--- START ---

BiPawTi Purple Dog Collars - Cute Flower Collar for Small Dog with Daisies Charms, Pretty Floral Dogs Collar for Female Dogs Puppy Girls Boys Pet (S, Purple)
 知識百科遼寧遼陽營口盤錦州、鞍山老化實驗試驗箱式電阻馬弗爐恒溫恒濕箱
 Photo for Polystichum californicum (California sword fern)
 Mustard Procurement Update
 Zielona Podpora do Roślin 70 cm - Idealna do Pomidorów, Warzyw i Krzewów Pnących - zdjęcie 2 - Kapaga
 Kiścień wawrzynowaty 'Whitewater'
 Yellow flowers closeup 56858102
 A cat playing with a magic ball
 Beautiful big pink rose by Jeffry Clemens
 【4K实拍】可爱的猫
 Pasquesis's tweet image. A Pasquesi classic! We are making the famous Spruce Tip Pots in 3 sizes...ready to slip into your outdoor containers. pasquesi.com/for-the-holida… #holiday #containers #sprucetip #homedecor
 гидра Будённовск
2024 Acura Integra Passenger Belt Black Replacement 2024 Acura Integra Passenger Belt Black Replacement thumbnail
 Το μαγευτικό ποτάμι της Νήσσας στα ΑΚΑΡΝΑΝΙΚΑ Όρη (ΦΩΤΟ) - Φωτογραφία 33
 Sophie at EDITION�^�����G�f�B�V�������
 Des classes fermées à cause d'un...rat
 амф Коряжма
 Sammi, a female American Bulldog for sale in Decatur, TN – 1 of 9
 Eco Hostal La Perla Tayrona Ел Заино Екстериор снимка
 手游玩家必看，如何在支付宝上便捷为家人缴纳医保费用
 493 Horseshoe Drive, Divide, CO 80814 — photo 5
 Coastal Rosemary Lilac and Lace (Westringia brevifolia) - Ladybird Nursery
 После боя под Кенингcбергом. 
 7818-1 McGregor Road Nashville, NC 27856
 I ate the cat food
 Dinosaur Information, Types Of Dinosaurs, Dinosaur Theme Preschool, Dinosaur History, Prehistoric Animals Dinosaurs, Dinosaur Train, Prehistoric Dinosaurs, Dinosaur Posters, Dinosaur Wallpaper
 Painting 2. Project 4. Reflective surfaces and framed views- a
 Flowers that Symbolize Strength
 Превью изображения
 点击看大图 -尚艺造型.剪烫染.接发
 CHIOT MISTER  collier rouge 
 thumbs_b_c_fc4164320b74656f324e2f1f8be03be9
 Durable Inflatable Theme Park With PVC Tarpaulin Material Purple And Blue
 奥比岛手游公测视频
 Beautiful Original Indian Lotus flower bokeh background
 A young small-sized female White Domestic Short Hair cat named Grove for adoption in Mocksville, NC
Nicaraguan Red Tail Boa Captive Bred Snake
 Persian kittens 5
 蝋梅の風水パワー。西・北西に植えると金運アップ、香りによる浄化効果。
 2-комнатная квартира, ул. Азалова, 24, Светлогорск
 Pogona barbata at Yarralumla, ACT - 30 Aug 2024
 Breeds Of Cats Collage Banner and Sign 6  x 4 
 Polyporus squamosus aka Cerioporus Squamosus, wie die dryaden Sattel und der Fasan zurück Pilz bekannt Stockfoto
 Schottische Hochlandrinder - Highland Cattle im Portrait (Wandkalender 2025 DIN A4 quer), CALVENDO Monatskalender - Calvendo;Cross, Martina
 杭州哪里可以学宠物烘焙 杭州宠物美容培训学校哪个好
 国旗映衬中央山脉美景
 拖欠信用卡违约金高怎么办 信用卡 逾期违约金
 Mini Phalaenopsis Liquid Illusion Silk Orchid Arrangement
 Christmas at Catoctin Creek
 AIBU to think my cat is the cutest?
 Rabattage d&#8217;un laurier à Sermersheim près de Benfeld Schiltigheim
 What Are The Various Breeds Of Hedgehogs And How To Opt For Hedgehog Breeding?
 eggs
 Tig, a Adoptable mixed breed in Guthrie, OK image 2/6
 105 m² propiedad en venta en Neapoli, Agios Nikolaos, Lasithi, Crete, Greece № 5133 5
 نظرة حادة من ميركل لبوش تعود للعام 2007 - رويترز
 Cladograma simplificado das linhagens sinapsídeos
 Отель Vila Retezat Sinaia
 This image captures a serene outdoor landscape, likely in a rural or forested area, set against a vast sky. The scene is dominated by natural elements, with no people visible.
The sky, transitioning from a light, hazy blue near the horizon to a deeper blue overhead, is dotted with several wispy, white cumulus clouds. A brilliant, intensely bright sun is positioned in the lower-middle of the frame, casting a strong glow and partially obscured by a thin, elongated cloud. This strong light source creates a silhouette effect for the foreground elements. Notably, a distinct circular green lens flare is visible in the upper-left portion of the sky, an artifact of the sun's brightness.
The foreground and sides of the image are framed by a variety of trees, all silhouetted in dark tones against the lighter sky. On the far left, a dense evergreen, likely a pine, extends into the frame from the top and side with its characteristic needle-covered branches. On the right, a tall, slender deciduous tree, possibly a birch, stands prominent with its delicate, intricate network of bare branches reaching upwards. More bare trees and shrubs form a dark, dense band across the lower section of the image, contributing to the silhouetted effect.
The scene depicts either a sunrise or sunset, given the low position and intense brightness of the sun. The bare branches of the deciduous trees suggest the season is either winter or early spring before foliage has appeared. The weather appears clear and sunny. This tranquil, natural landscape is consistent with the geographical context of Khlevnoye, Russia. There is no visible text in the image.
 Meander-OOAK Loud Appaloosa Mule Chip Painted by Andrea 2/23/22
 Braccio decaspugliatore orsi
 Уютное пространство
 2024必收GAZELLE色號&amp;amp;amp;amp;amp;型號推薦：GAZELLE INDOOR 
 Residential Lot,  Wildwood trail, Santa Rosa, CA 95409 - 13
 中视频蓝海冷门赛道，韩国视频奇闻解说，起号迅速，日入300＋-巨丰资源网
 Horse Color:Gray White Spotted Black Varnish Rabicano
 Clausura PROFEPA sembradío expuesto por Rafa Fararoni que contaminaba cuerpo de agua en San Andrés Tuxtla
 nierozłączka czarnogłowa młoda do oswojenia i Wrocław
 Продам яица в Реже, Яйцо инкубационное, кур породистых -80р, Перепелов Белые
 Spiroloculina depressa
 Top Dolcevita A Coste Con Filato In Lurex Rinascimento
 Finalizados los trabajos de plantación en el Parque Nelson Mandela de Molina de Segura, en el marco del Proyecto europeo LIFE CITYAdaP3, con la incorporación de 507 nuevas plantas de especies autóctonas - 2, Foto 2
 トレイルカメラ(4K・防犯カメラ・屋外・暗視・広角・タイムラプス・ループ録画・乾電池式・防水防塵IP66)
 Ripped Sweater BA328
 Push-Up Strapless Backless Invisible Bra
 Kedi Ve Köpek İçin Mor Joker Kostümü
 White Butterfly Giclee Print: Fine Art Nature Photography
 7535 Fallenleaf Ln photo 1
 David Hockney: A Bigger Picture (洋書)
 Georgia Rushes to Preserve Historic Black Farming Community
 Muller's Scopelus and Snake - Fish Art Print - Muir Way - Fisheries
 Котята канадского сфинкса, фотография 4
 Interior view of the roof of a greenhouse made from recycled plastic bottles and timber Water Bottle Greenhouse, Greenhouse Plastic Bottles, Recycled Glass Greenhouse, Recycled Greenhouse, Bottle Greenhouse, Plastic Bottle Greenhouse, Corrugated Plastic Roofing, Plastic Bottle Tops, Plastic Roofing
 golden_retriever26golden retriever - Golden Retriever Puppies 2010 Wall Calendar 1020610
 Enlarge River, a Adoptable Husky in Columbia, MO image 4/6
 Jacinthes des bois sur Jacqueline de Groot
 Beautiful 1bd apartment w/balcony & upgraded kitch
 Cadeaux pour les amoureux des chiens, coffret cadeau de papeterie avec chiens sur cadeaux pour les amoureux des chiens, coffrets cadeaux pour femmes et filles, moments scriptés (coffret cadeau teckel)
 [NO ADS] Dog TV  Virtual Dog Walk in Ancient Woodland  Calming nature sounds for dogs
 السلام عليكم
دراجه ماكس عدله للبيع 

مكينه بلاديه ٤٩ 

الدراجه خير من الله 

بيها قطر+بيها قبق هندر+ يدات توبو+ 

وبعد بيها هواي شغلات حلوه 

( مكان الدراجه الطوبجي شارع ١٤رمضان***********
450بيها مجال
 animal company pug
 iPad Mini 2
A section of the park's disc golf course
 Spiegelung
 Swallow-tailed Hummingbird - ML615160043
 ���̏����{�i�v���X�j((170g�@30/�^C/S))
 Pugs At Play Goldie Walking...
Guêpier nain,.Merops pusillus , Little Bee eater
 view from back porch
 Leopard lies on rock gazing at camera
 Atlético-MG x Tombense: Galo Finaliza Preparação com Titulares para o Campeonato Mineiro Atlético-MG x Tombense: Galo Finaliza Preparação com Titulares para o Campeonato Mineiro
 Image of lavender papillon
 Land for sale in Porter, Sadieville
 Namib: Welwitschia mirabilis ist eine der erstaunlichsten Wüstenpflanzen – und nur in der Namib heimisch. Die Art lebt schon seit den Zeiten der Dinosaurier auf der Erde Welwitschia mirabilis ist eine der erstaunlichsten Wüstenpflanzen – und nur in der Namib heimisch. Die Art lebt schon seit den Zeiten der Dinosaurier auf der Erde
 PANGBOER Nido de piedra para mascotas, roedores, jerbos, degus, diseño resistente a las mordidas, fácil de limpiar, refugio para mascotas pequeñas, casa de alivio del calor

--- END ---

--- Aim of the task ---
Take the listing above and repeat exactly the lines from the one containing "Уютное пространство" through the one containing "Horse Color:Gray White", both included.

--- Result ---
 Уютное пространство
 2024必收GAZELLE色號&amp;amp;amp;amp;amp;型號推薦：GAZELLE INDOOR 
 Residential Lot,  Wildwood trail, Santa Rosa, CA 95409 - 13
 中视频蓝海冷门赛道，韩国视频奇闻解说，起号迅速，日入300＋-巨丰资源网
 Horse Color:Gray White Spotted Black Varnish Rabicano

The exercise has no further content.